大学入試改革、それも英語外部試験導入に関して、色々動きがあって、どうなるのか不安ですね。
それに関する本を何冊か読んでいますが、今回紹介するのは、東大準教授の阿部公彦さんの著書です。誰がどういう目的で進めようとしているのかわかりますよ。著者は、「入試の民営化」という表現をされていますが、正にそうですね。実名がバンバン出てくるから、ちょっとビックリ!以前紹介した「英語教育、迫りくる破綻」の中でも、楽天の三木谷さんの名前が何度も出ていましたが、この本では更に詳しくカラクリが分かります。三木谷さんと安河内さん、松本茂さんの名前も何度も出てきますね。そして、著者は「安河内さん、なぜ、突然大変身なのですか?」と、呼びかけていらっしゃいます。どうやら、以前言ってらっしゃったことと、全然違う論理を述べてらっしゃるようです。有識者メンバーに選ばれて、変わっちゃったんですかね?
驚いたのは、「外部試験の導入を検討するための協議会」という会のメンバーに、外部試験を運営する利害関係者が何人も名を連ねているのです。これって、もう結果ありきじゃないの?っていう感じですね。最近こういうの多いですね。もっと、報道されなければ分かりませんよね。私もこの本を読んでビックリしました。水道民営化が決まりましたが、確か、この水道民営化の推進委員会にも、民営化を請け負うヴェオリア社の関係者が入っていたらしいですよ。モリカケ問題でも、利害関係者云々が問題になっていましたね。いいんでしょうか、このままで。

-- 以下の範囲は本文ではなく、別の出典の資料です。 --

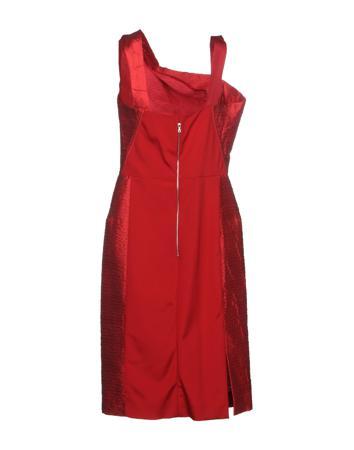 Платье OSCAR DE LA RENTA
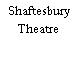 Shaftesbury Theatre
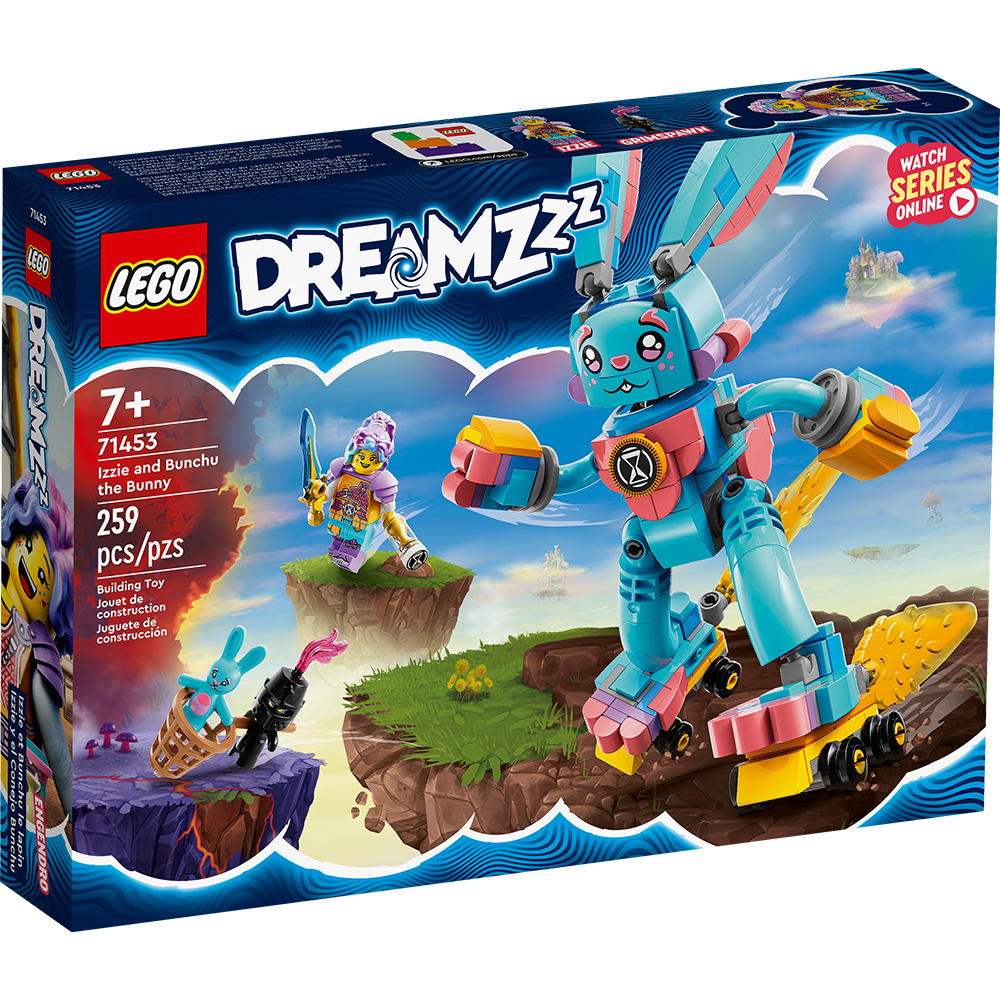 《LEGO DREAMZzz》在LEGOLAND Malaysia Resort举办特别活动！限定4D电影开播！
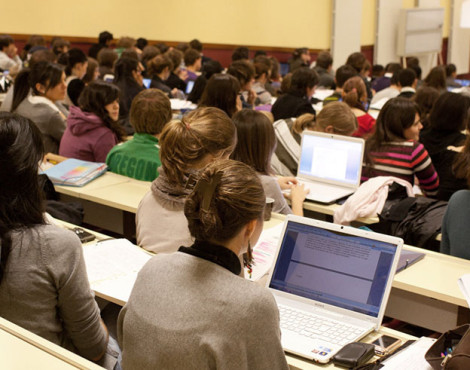 Intervista sulla “Buona Scuola”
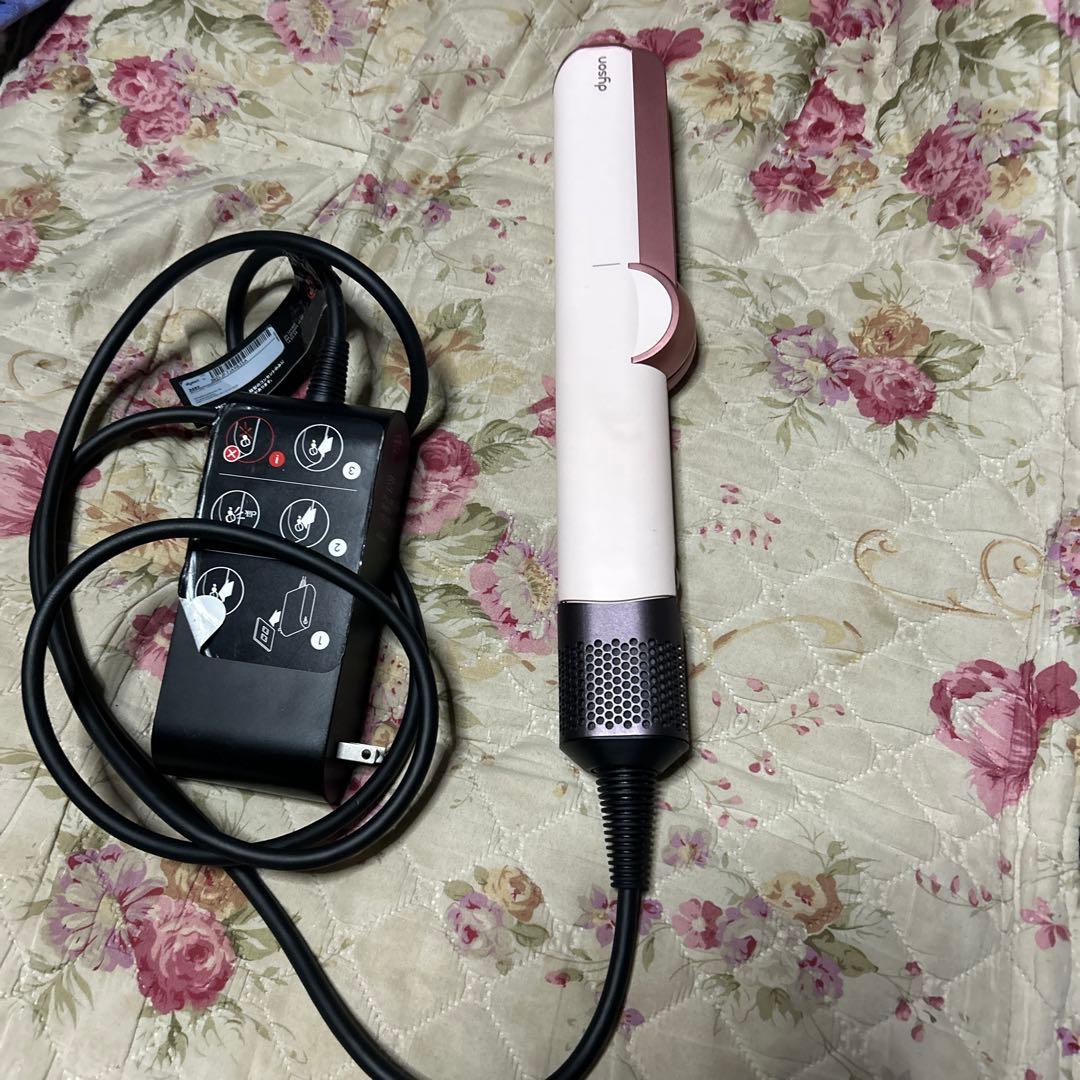 値下げ！！Dyson Airstraitストレイトナー　HT01 VLP
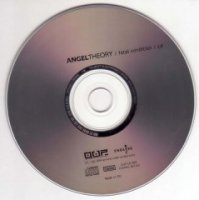 Angel Theory - Fatal Condition (2004)  Lossless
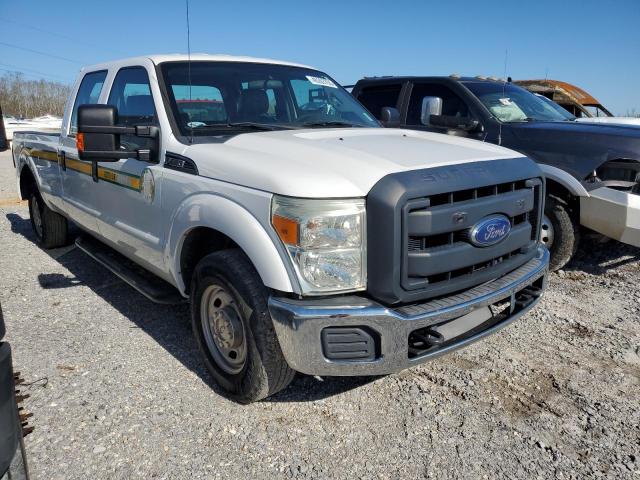 2015 FORD F250 SUPER - 1FT7W2A6XFED18828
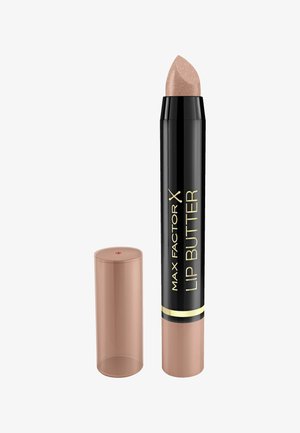 COLOUR ELIXIR LIP BUTTER - Lipstick - 115 creamy caramel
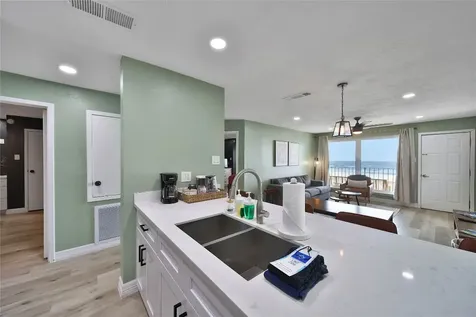 7600 Seawall Boulevard 206 Galveston TX 77551
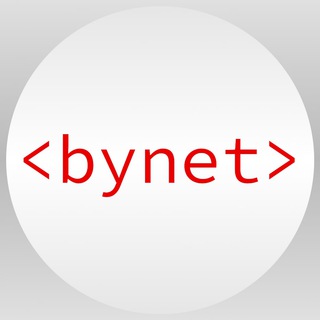Логотип @zabynet - За BYnet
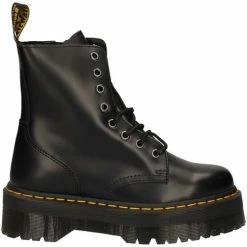 Dr. Martens DMSJADON-15265001 for Bottines / Boots Couleur Noir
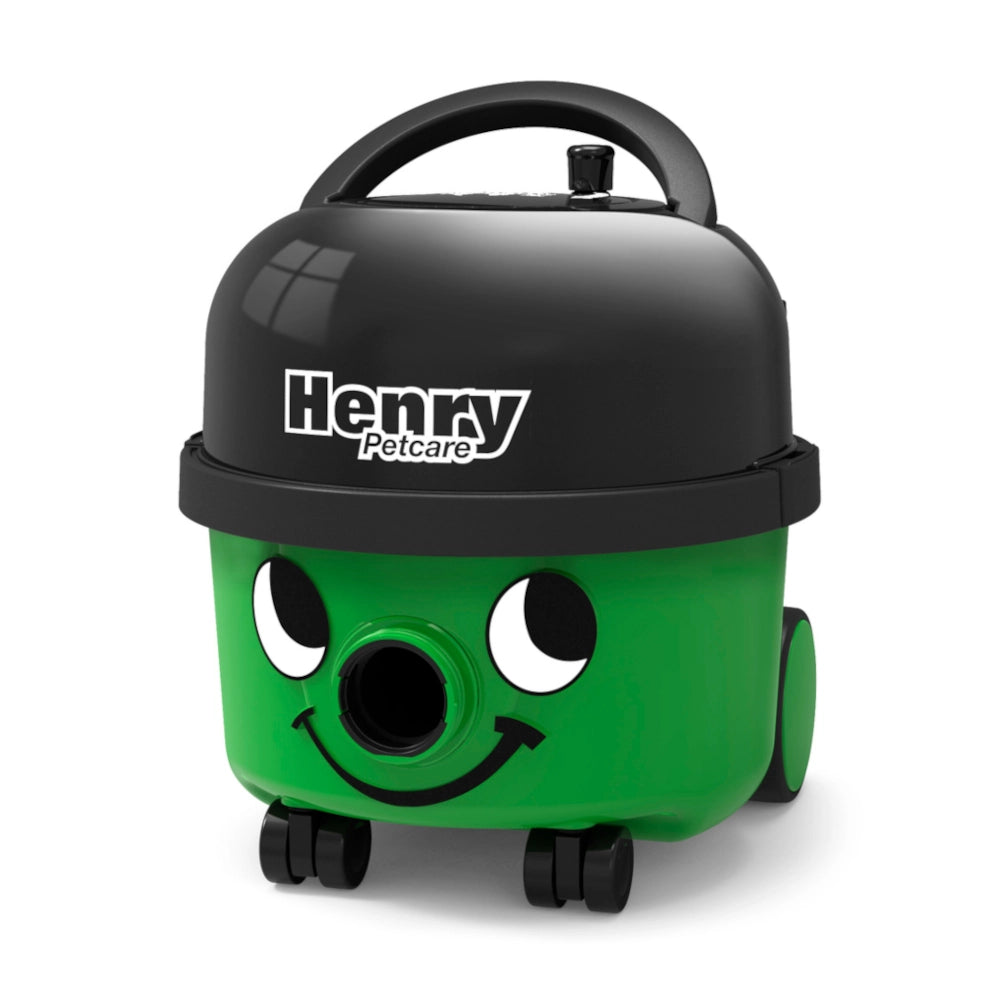 Henry Petcare
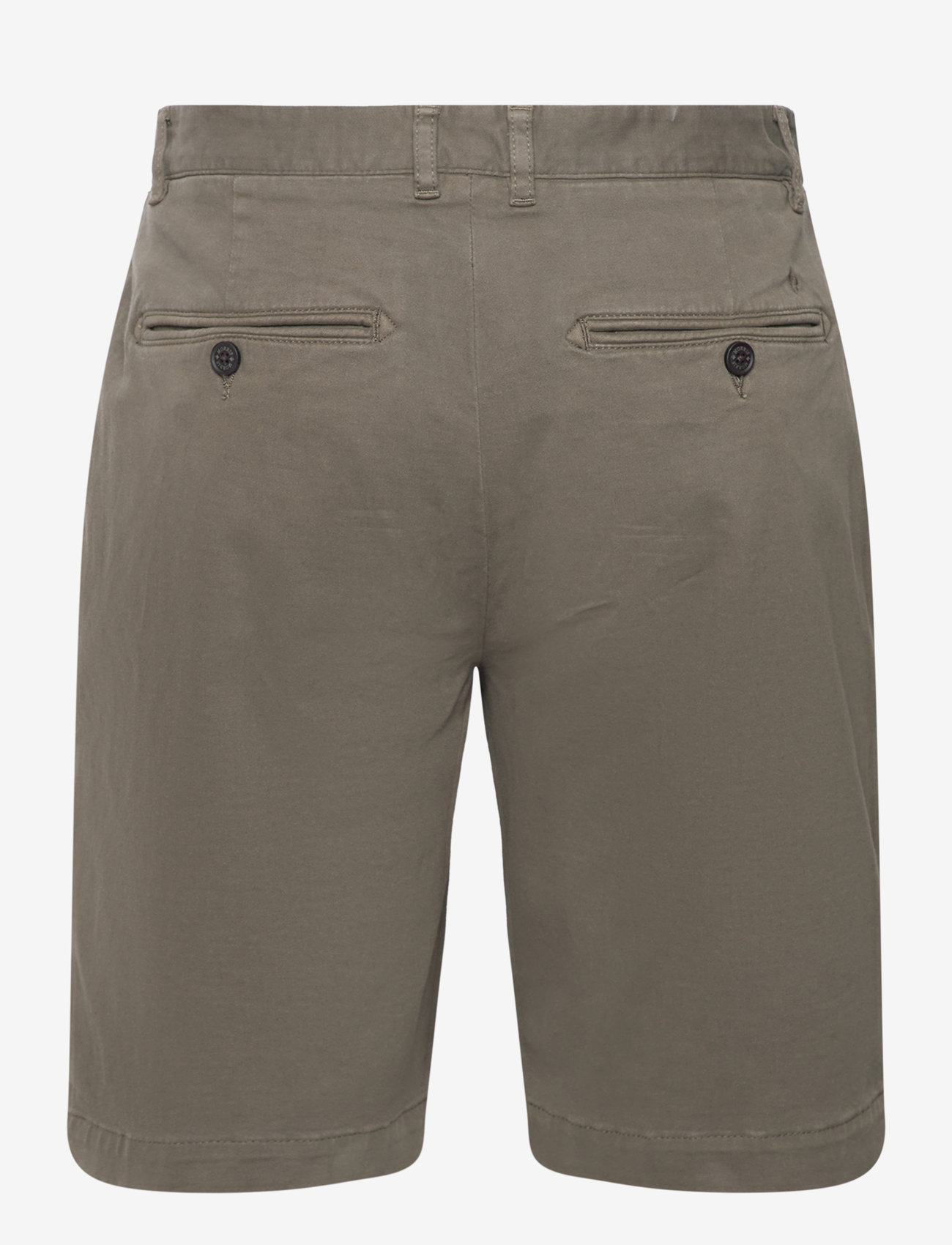 Morris - Jeffrey Chino Shorts - chino lühikesed püksid - olive - 1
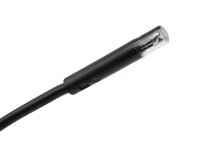 Danfoss flame sensor 057H7107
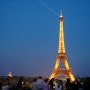 [여행기/2006] 결혼 1주년 여행 (8) 파리 넷째날 : 베르사이유 궁전과 시골 마을, 그리고 에펠탑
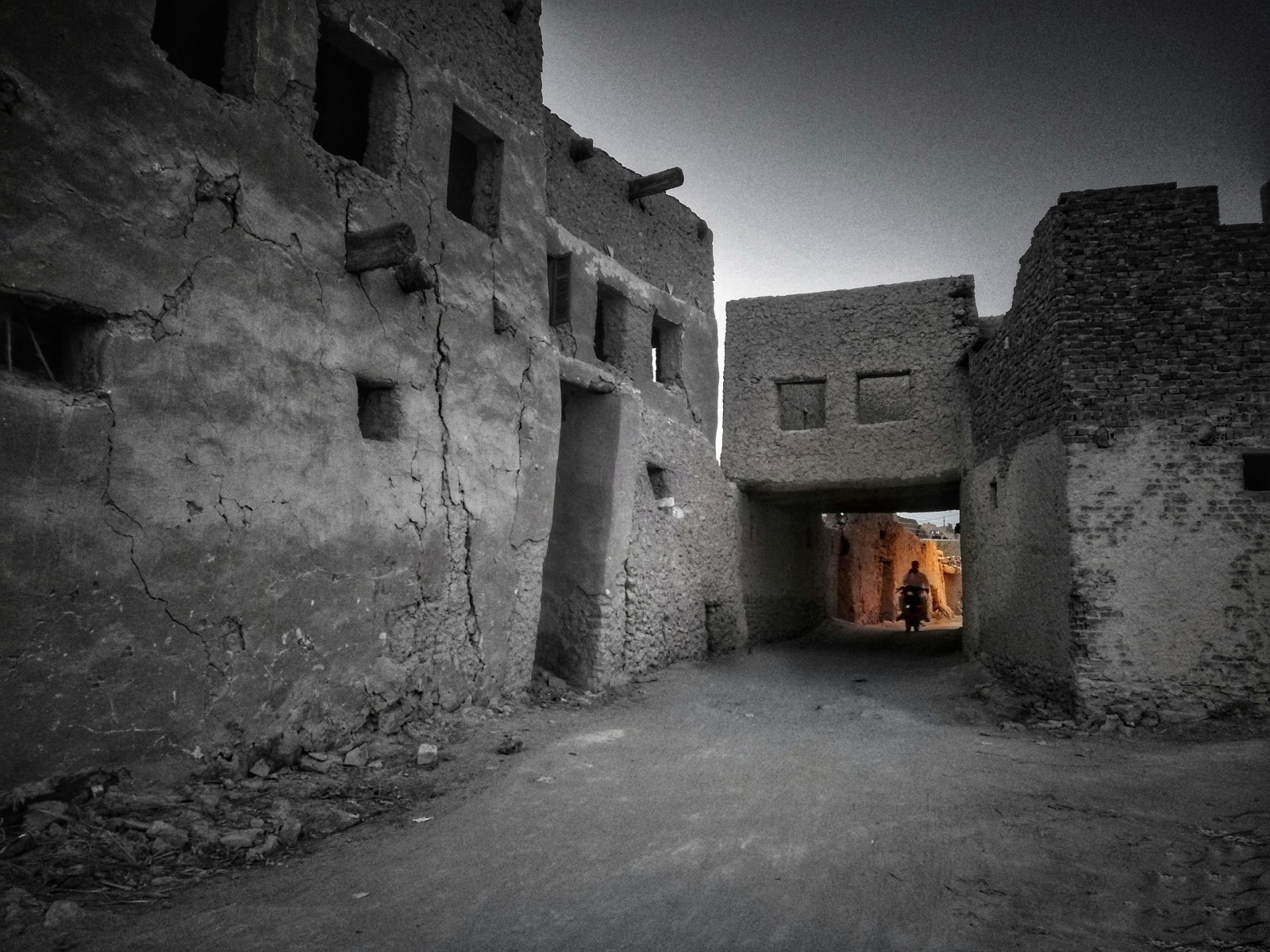 El Oasis de Siwan es un Oasis Histórico del Desierto Occidental, a 50 km al este de - Qesm Siwah | Secret World Trip Planner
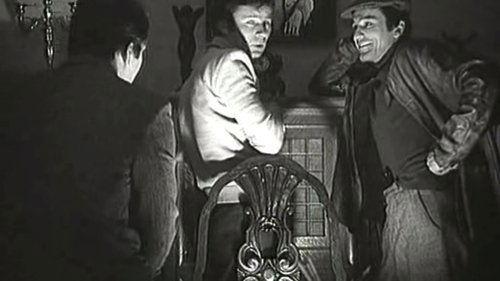 The Written Off Season 1 Episode 9 - Episode 9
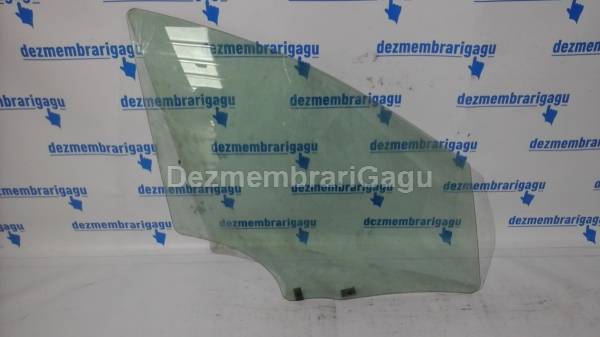  Geam usa df PEUGEOT 407 sh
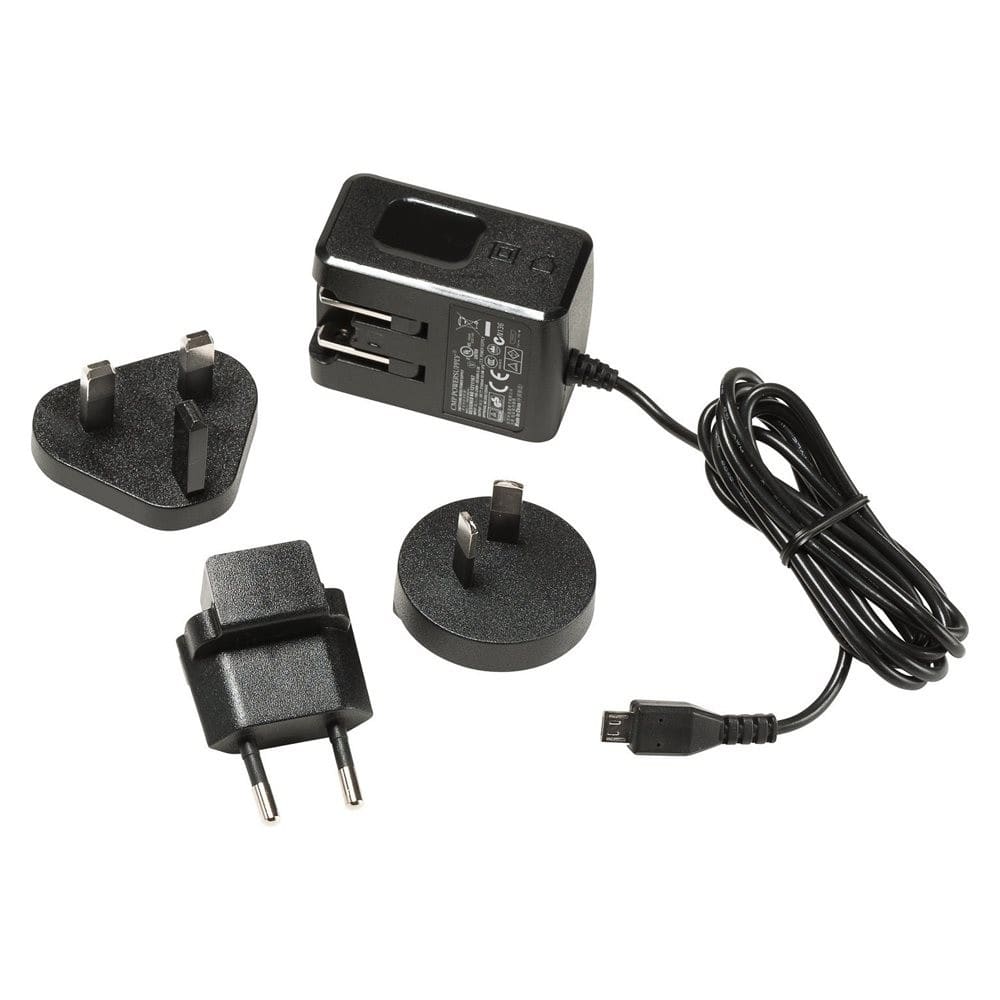 Turbotronic - Alimentation micro-USB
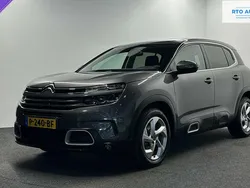 Grijs Gebruikt 2022 Citroën C5 Aircross Feel SUV | € 22.000 (Goede deal)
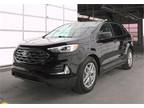 Certified Pre-Owned 2021 Ford Edge SEL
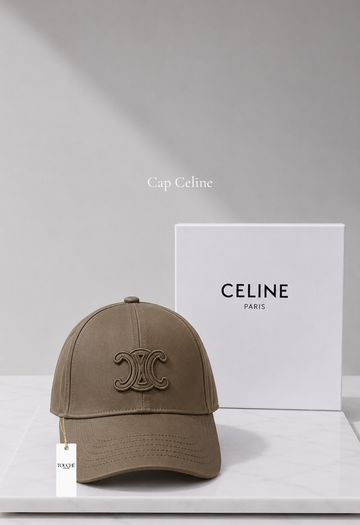 Cap Celine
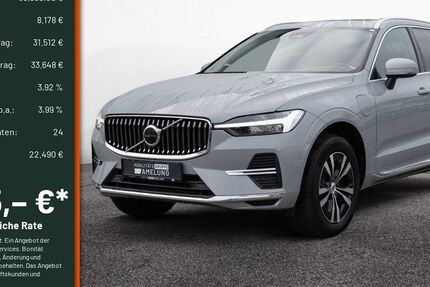 Volvo XC60 24.905 km 39.390 &euro; Engelskirchen 51766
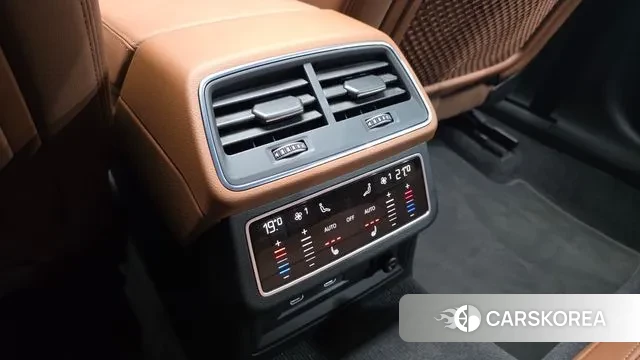 Audi A6 (C8) id 3011381 из Кореи 10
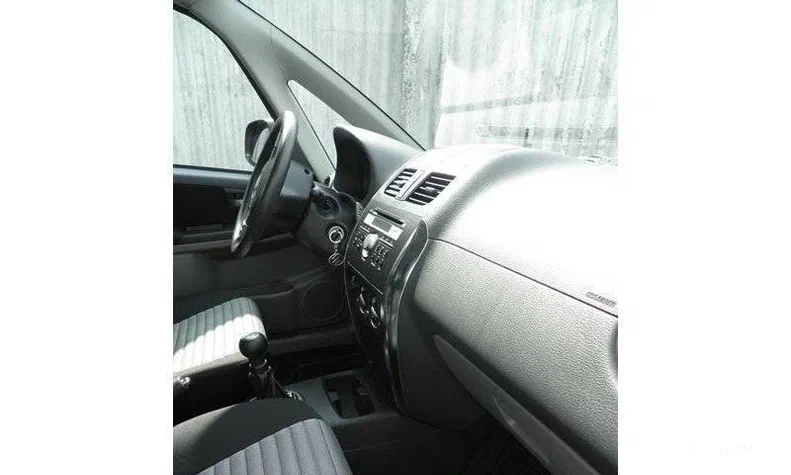 Suzuki SX4 2012 - 0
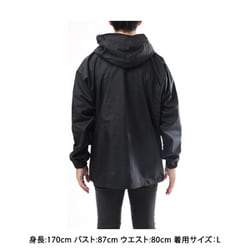 サンダーパス ジャケット Men's｜モンベル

また、そもそも、外部試験を入れると、英語力が上がるんでしょうか? その辺も、検証されてなく、短絡的発想のようです。むしろ、子どもたちの英語力は落ちるそうですよ。まじめにこつこつと地道に勉強をする子供は減り、皆が対策に走るのは間違いありません、と著者。確かに、地道な勉強をせずに、試験の過去問ばかりしたがる生徒は伸びませんものね。この方策を推し進めようとする人たちの目的は他にあるんでしょうね。何しろ、専門家が決めたんじゃなくて、経済界の要望ですから・・・。安河内さんや三木谷さんは、いずれは国立大学の二次試験の英語を撤廃して、ぜんぶ業者試験で置き換えるべきだ、とおっしゃっているそうです。こうなると、教育の放棄で、学習指導要領は形骸化してしまいますね。
この本は、そういった経緯だけでなく、これからの英語学習の提言もされています。
是非読んで現状を知ってください。